Problem to work on: Beginning at the line containing "Dolazak relikvije sv. Ante u župu Vinjani.", repeat each line below exactly up to and including the line containing "Universal Anti-Theft Steering". Do not repeat the pictures.

Dataset:
-----

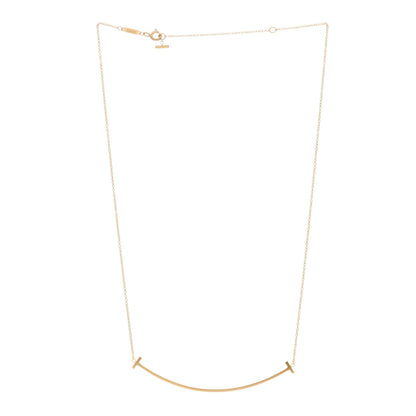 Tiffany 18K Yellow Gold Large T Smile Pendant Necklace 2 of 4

-----

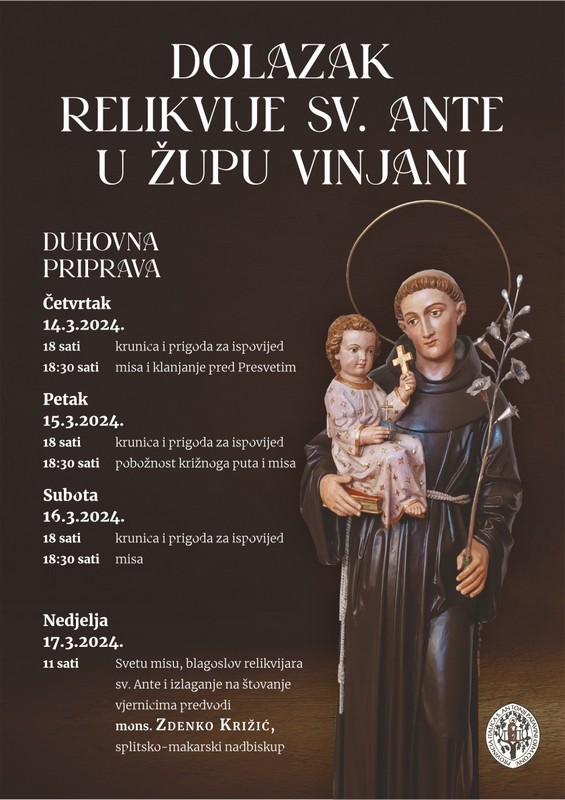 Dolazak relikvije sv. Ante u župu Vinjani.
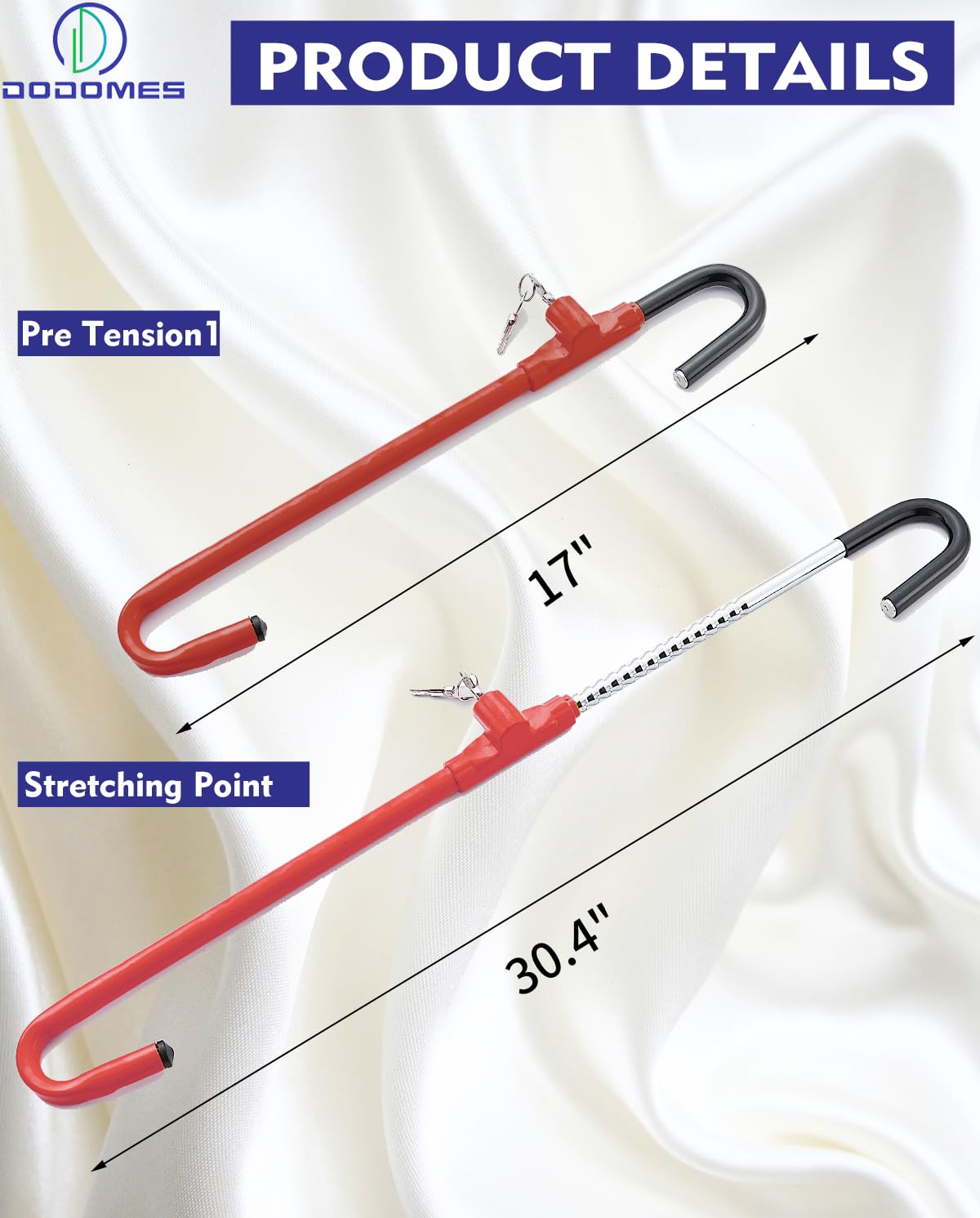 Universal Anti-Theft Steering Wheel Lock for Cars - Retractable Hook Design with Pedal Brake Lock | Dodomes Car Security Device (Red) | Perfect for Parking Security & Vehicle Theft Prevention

-----

Written solution:
 Dolazak relikvije sv. Ante u župu Vinjani.
 Universal Anti-Theft Steering Wheel Lock for Cars - Retractable Hook Design with Pedal Brake Lock | Dodomes Car Security Device (Red) | Perfect for Parking Security & Vehicle Theft Prevention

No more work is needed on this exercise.